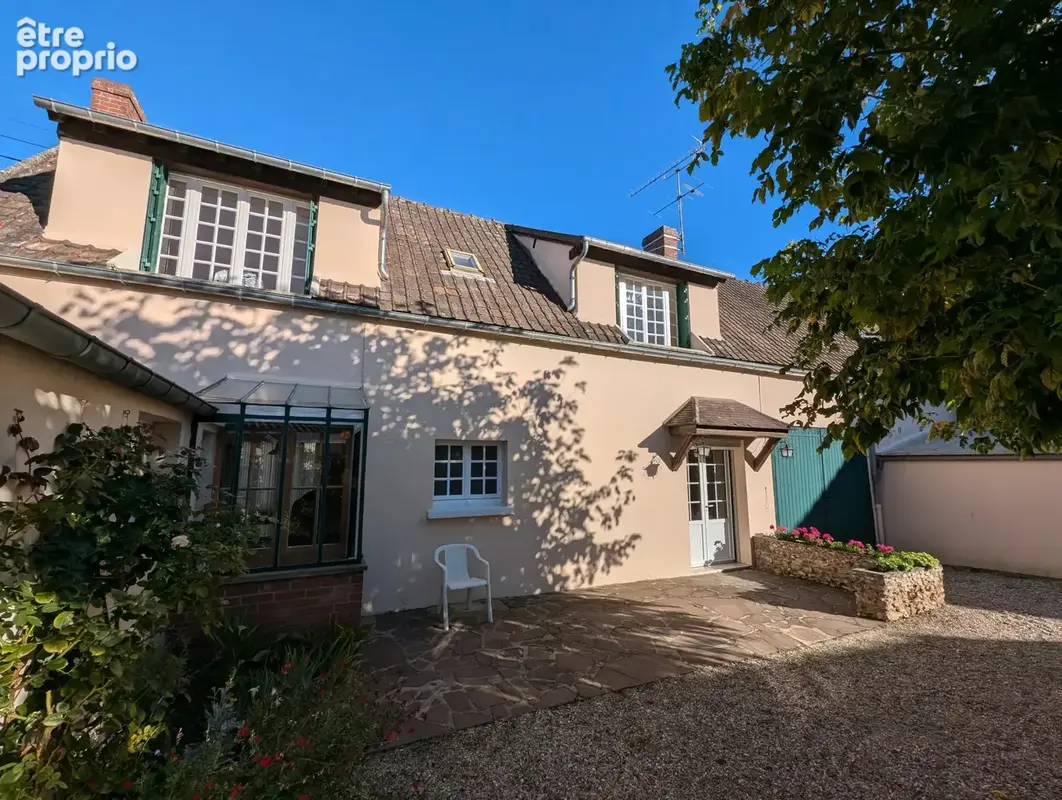 Maison à LA QUEUE-LES-YVELINES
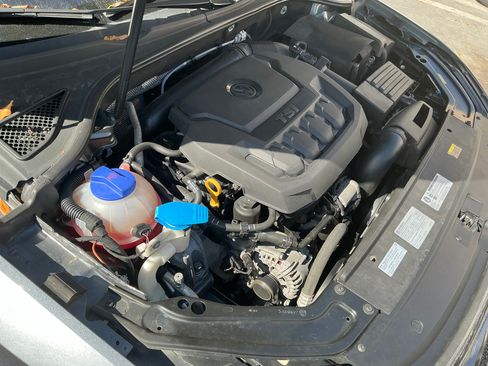 Used 2018 Volkswagen Passat 2.0T R-Line image 14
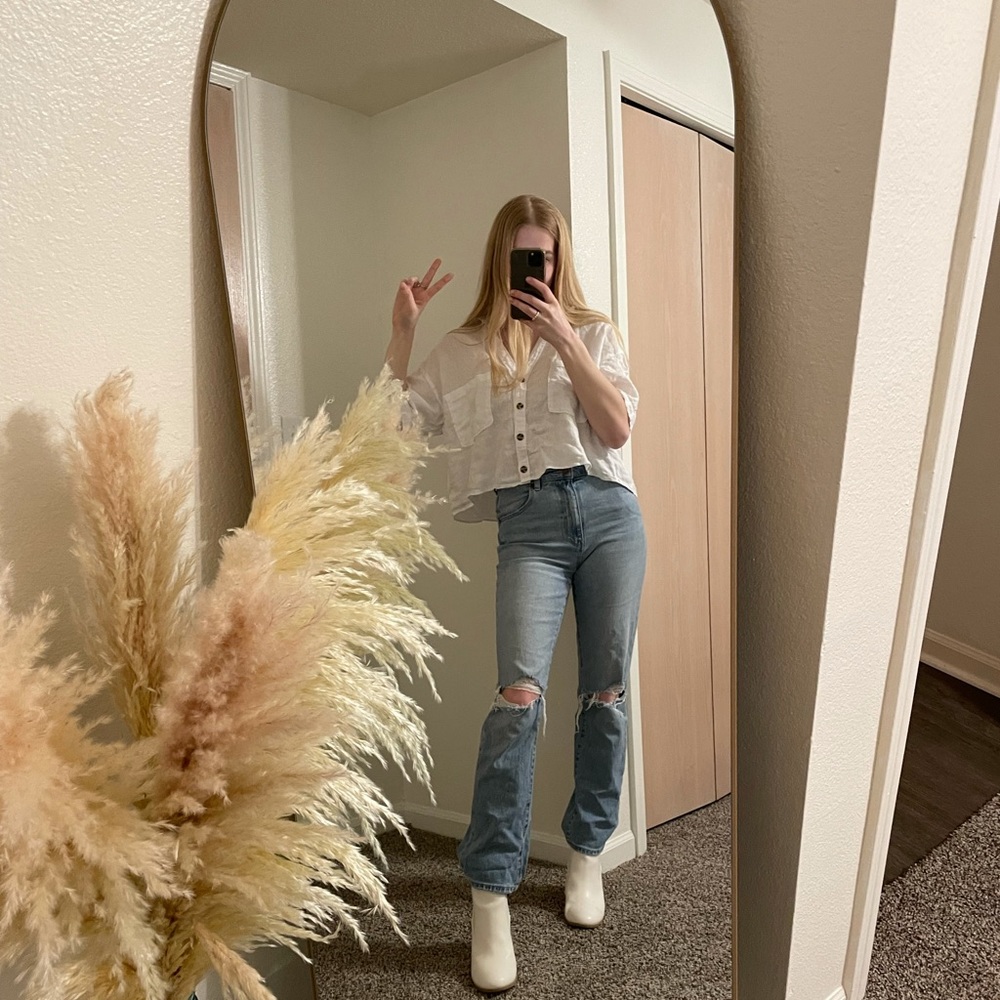 Like New Zara White Button Up Shirt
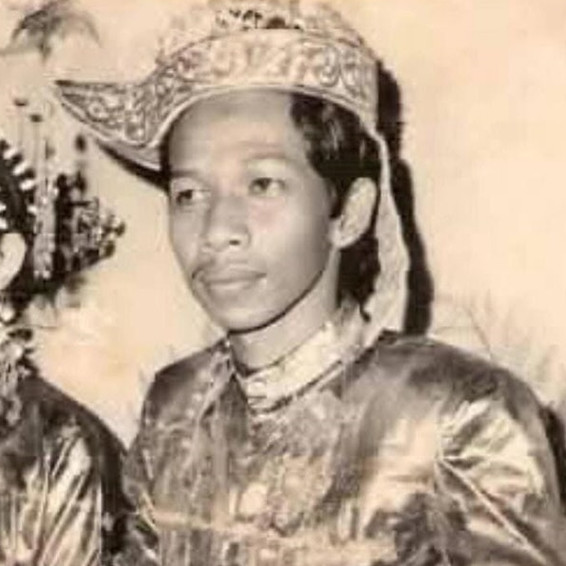 Pasha Ungu unggah foto lawas pernikahan orang tuanya di momen anniversary, paras ayahnya bikin salfok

--------------------------------------------------

Without including any pictures, reproduce the listing exactly.

 Maison à LA QUEUE-LES-YVELINES
 Used 2018 Volkswagen Passat 2.0T R-Line image 14
 Like New Zara White Button Up Shirt
 Pasha Ungu unggah foto lawas pernikahan orang tuanya di momen anniversary, paras ayahnya bikin salfok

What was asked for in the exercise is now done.